Given data: Begin

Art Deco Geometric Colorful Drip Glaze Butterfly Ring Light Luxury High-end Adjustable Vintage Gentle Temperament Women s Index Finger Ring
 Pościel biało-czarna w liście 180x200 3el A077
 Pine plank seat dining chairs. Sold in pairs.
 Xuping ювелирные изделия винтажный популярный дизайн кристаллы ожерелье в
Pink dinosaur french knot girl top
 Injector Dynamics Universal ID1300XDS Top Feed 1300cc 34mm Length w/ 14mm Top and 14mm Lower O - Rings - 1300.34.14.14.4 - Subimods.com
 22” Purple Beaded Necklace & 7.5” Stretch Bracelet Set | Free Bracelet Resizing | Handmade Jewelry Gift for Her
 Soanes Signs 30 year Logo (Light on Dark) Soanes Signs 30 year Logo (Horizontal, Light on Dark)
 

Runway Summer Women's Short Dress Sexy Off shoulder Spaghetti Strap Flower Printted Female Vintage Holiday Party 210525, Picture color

Given data: End

__The problem__. If a line in the records above contains the word "Vintage", copy it.

__Your response__.
Art Deco Geometric Colorful Drip Glaze Butterfly Ring Light Luxury High-end Adjustable Vintage Gentle Temperament Women s Index Finger Ring
Runway Summer Women's Short Dress Sexy Off shoulder Spaghetti Strap Flower Printted Female Vintage Holiday Party 210525, Picture color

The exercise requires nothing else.